World Economy

Europe Industrial Heart Moves East

Europe Industrial Heart Moves EastEurope Industrial Heart Moves East

Once depicted as a “Blue Banana” stretching from Manchester to Milan, Europe’s industrial heartland has moved eastwards just as its political center of gravity has shifted to Germany.

The term was coined in 1989 – the year the Berlin Wall fell – to describe French geographer Roger Brunet’s work identifying a manufacturing megacity, visible from space at night as a band of light curving from England to Italy via the Netherlands, Belgium, West Germany and Switzerland, Reuters reported.

Brunet was worried that France, a highly Centralized economy dominated by Paris, was falling off the map.

He developed the concept to urge the government to invest in infrastructure to connect the Paris-Lyon-Marseille axis to the highly urbanized European backbone of around 110 million people.

A quarter of a century later, the continent’s industrial geography has morphed. A more fitting image might be a golden soccer ball centered on southern Germany and reaching into Poland, Hungary, the Czech Republic, Slovakia, Austria and Romania.

“We have seen a huge relocation and concentration into a central European manufacturing core,” says Michael Landesmann, scientific director of the Vienna Institute for International Economic Studies.

Former-communist countries that joined the European Union in 2004 and 2007 have become the extended production line of German industry, no longer just supplying raw materials and components but assembling cars and some industrial machinery.

  Europe Suffering

Manufacturing employment has declined everywhere in Europe as a share of the workforce but most sharply in Britain, France and Belgium, with the post-2008 economic crisis accelerating a trend driven by the globalization of supply chains.

The shift in the balance of trade inside the now 28-member EU in the decade since its eastward enlargement began offers a striking illustration.

The golden football region – Germany, the Netherlands, the Czech Republic, Slovakia and Romania – increased its share of intra-EU trade by a total of 5.3 percentage points between 2004 and 2013, the latest year for which final data is published.
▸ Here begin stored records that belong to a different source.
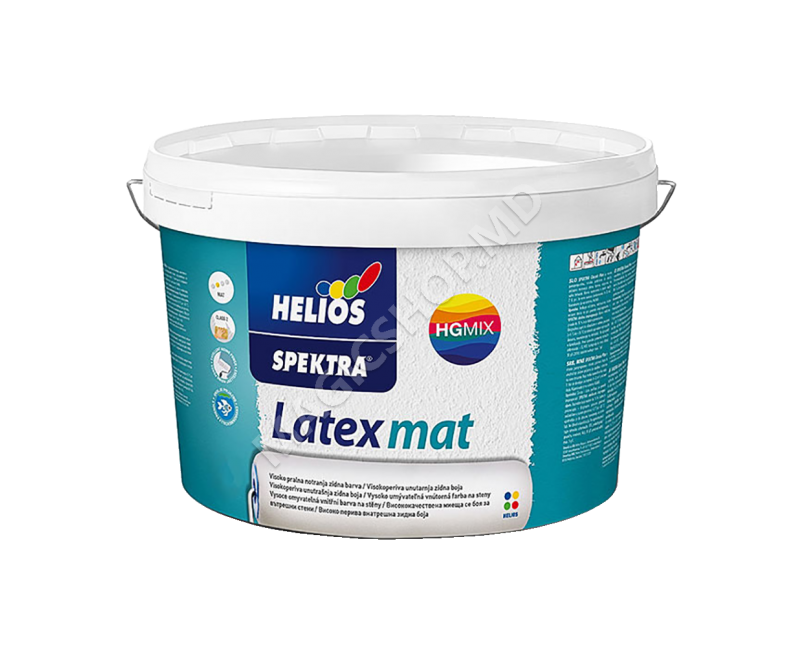 Vopsea lavabila Spektra Latex Mat alb 10L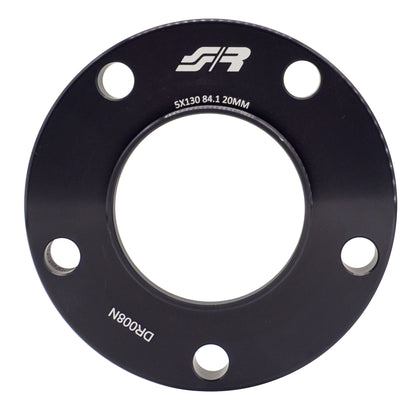 2 distanziali ruota neri 20mm 5x130 centraggio 84,1 con bull. – Simoni Racing – foto 2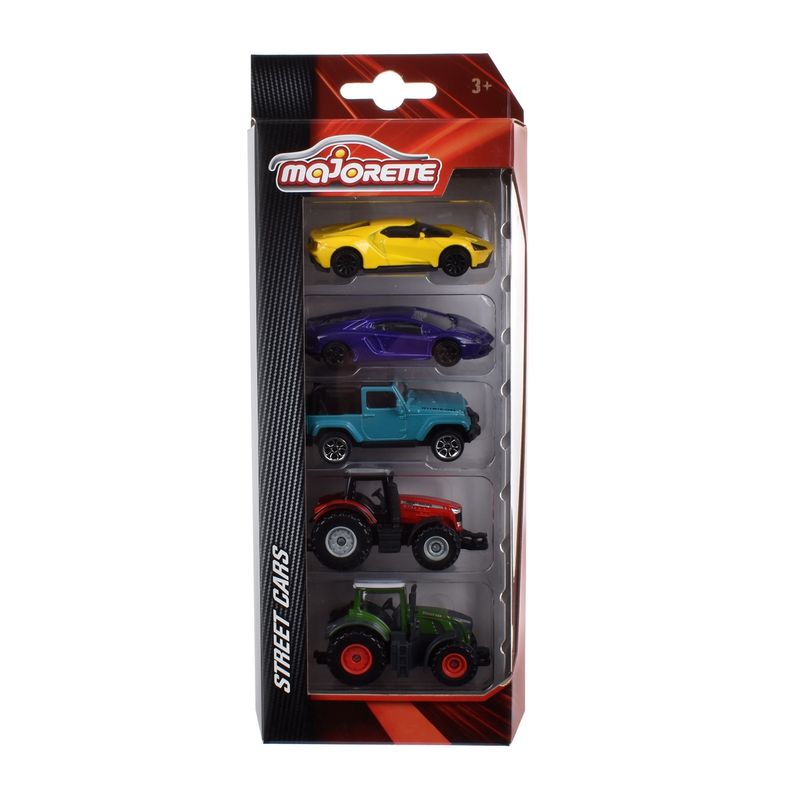 MAJORETTE - Majorette  Set De 5 Unidades - Tractor Verde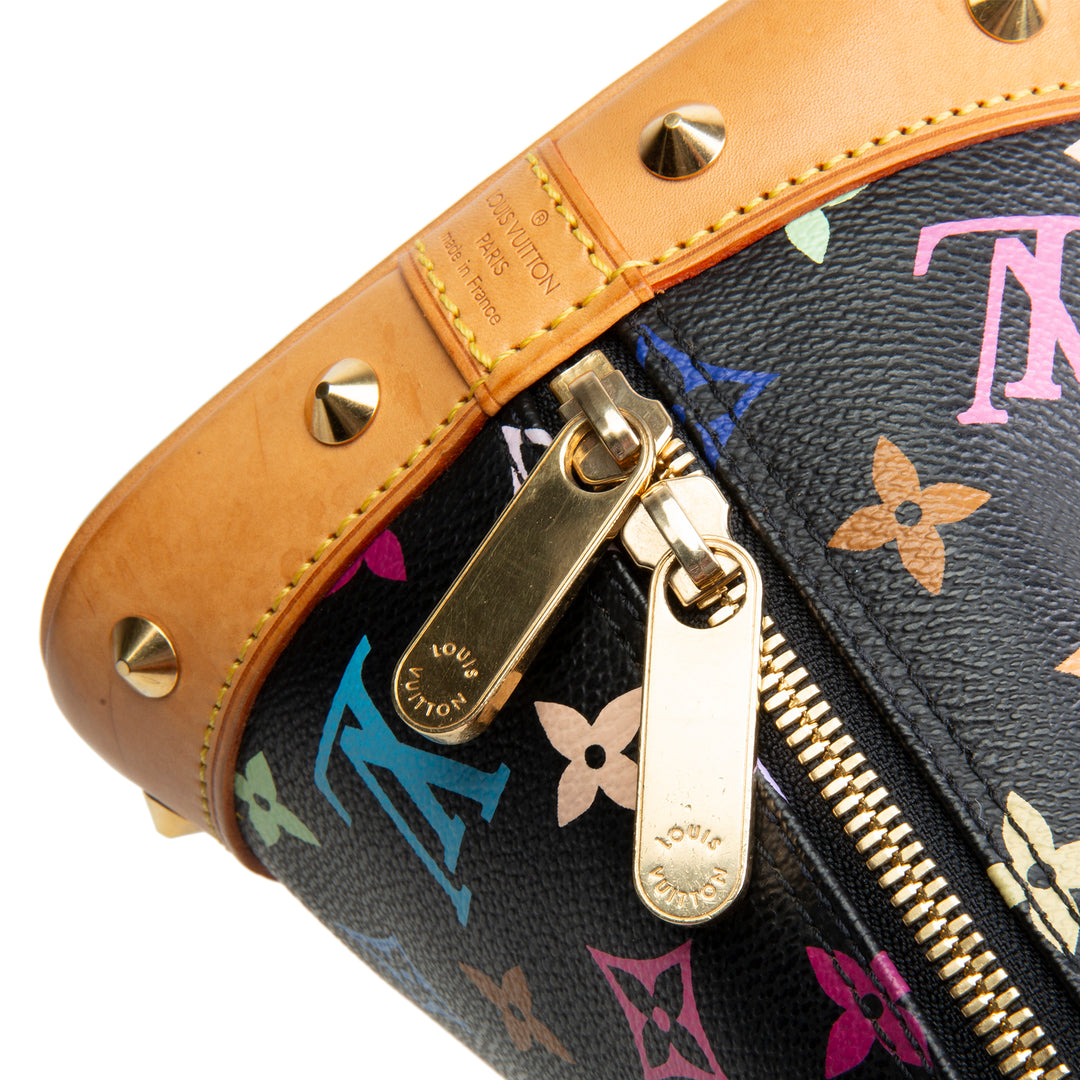 LOUIS VUITTON x Takashi Murakami Multicolore Alma - Black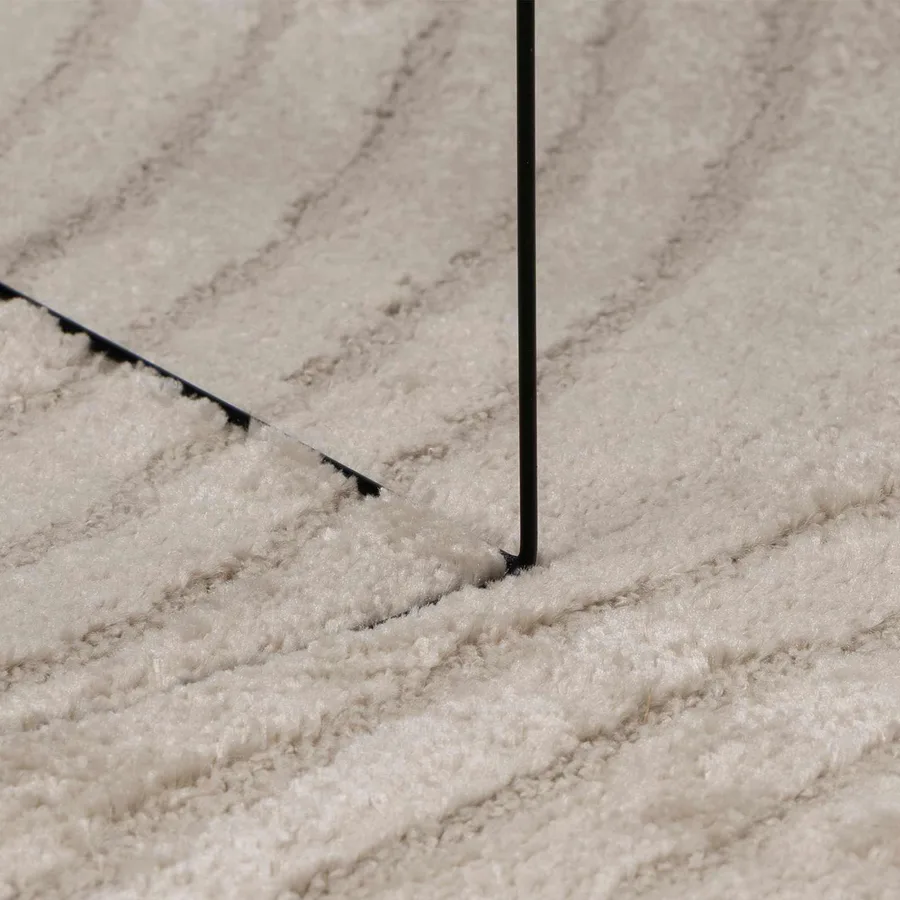 Tapis de surface Rond GALATI Beige Ø 120 CM Polyester - 6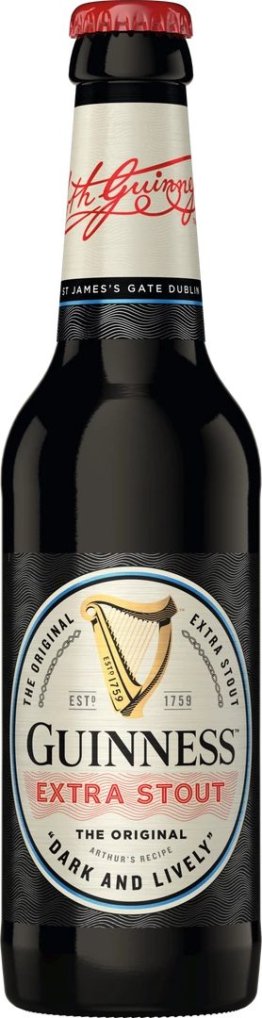 Guinness Extra Stout 33cl Har. 24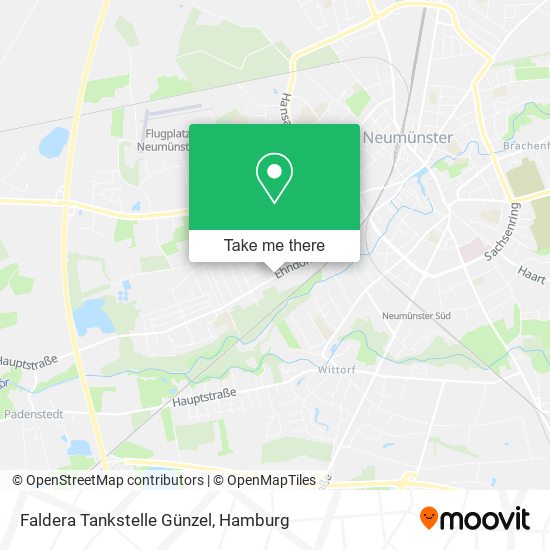 Faldera Tankstelle Günzel map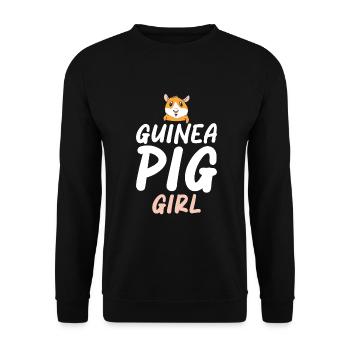 Cadeau de cochon d’Inde mignon - Sweat-shirt Unisexe - noir - Devant - Alina (178cm) & Michal (187cm)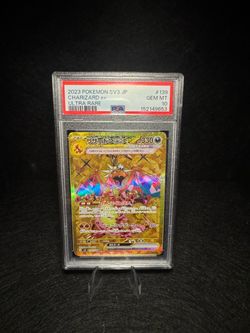 2023 Pokemon Sv3-Ruler Of The Black Flame #139 Charizard Ex Ultra Rare PSA 10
The biggest gains accrued to Germany with 2.2 percentage points.

Over the same period, the Atlantic Arc region englobing Britain, France, Ireland, Spain and Portugal lost a cumulative 4.4 percentage points in intra-EU market share, led downwards by Spain and the UK. Italy also lost 1.7 percentage points.

How much this all matters is open to debate. To some extent, industrial jobs have been replaced by the growth of business services, especially in Britain, which has just overtaken France as the EU’s second biggest economic power.

Manufacturing jobs in advanced economies have become increasingly highly skilled, while those parts of production for which high skill levels are not needed have been shifted to regions with lower labor costs.

Yet Germany has built out its economic dominance of Europe by maintaining the largest manufacturing base.